The continuum limit of the Poland-Scheraga DNA denaturation model

Abstract

Using a field theory equivalent to a lattice version of the Poland-Scheraga (PS) model, the phase diagram for a long DNA molecule is derived in closed form. A one-loop renormalization group calculation for the generalized PS model with excluded volume interactions shows that there are two stable fixed points. At both fixed points, the excluded volume effect plays a role. At the fixed point reached when the original excluded volume effect is weak, the phase transition is continuous. At the other fixed point, the phase transition is first order.

Figures (4)

• Figure 1: Two DNA single strands can pair only at same distance $s$ from the endpoints.
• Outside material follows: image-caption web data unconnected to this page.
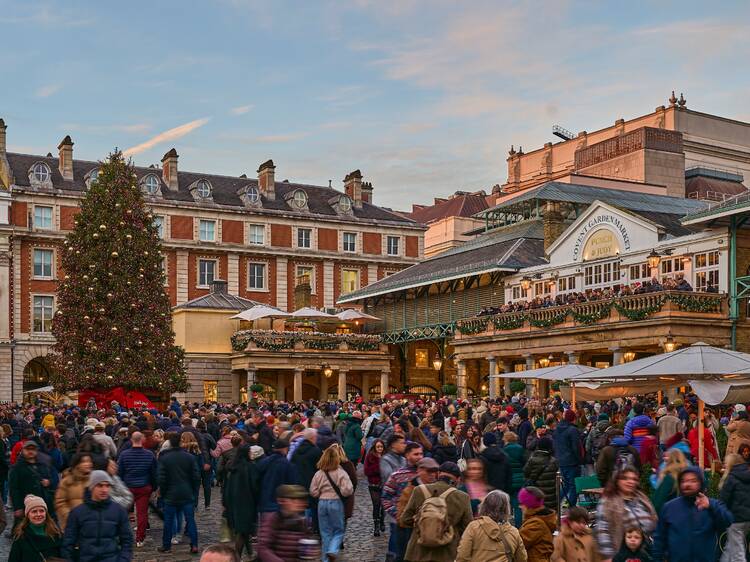 Five surprisingly affordable family festive experiences to have in London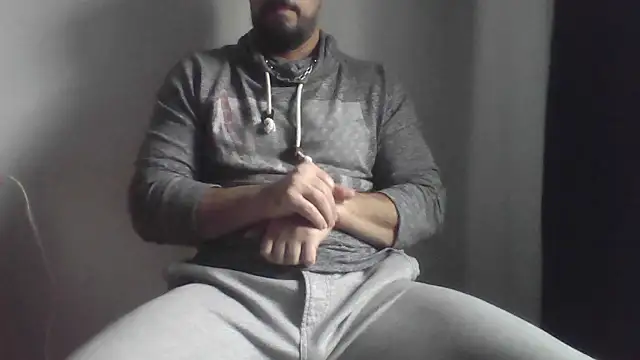 Snapshot of fl3xxx1 chatting on January 16, 2026, 10:19 am fl3xxx1 online show from January 16, 2026, 10:19 am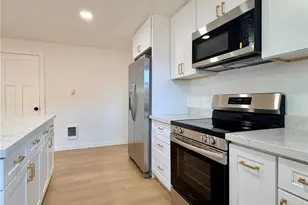 832 S 74th St, Tacoma, WA 98408 - Photo 14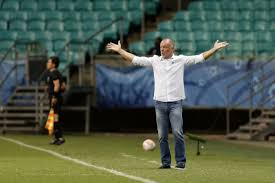 Ec bahia ba are down to 10 men after rossi has been shown a red card. Rqpluw12wgafgm
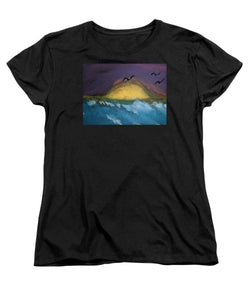 Sunrise At The Beach - Women's T-Shirt (Standard Fit)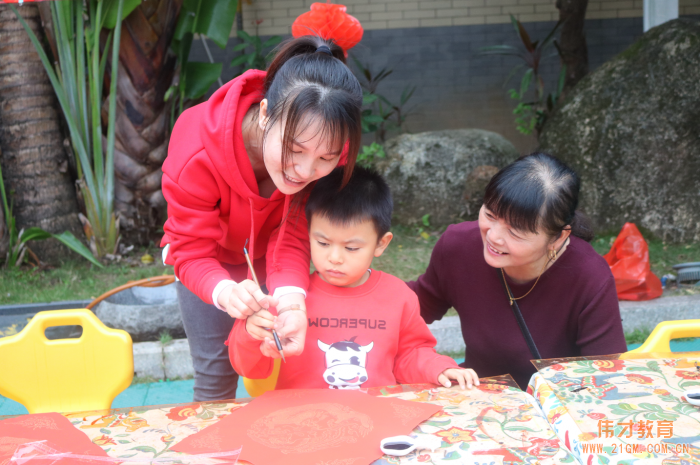 廣西東興天鵝湖偉才幼兒園：迎新春，逛廟會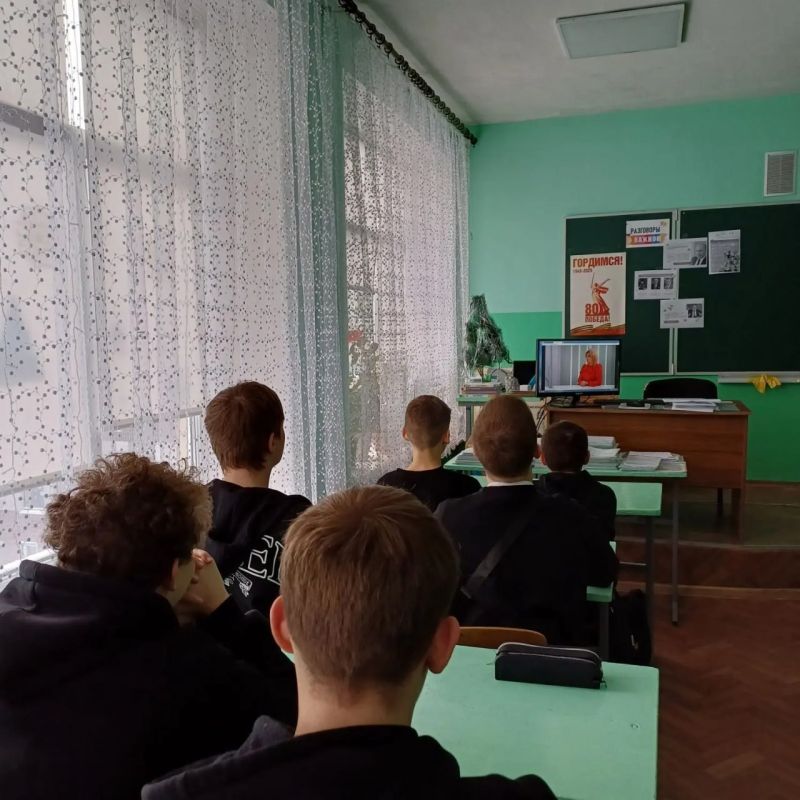 В учебных учреждениях Краснодонщины состоялось внеурочное занятие «Разговоры о важном» В учебных учреждениях Краснодонщины состоялось внеурочное занятие «Разговоры о важном»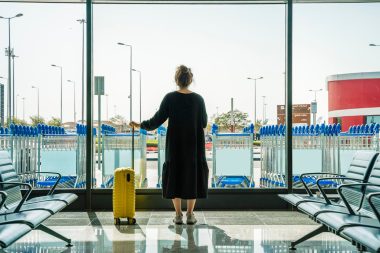 Viajera con una maleta en un aeropuerto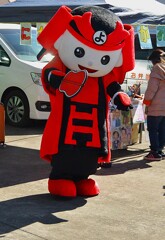 東村山でゆるキャラ祭り (ポールスター・よしくん)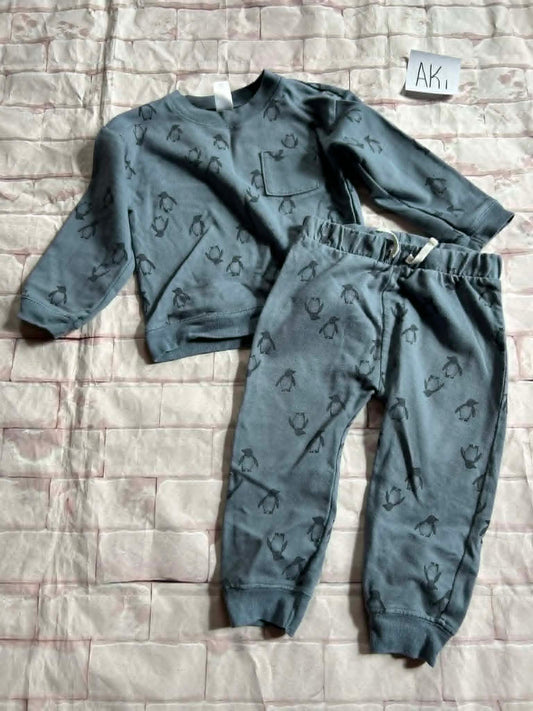 Outfits Size 24m Wash Wear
The length is measured from $3'$ to $5'$ on the template strand and from $5'$ to $3'$ on the other strand. The only allowed conformations then are a sequence of loops.
• Figure 2: Single strand mass $m_{\varphi}$ as a function of pairing energy $r_{0}=c_{\varphi}-\beta E_{\varphi}$ with $\Lambda^{-1}$ as length unit for fixed total length 200, $W=1$ and various coupling constant values $\lambda^{2}$.
• Figure 3: One loop renormalizations due to the excluded volume interactions (wiggly line). The heavy lines in the diagrams A, B and C can be a single strand or a double strand. The wavevector $k$ indicates the symmetry point used in the renormalization.
• Figure 4: The flow of $u_{\psi}$, $u_{\varphi\psi}$ and $\lambda$ projected into the $u_{\varphi\psi}$-$\lambda$-plane. The initial value for $u_{\psi}$ is $1/8$. There are two stable fixed points: the usual excluded volume fixed point with $\lambda=0$ and a DNA-specific fixed point with $\lambda\neq0$ and $u_{\varphi}\neq0$.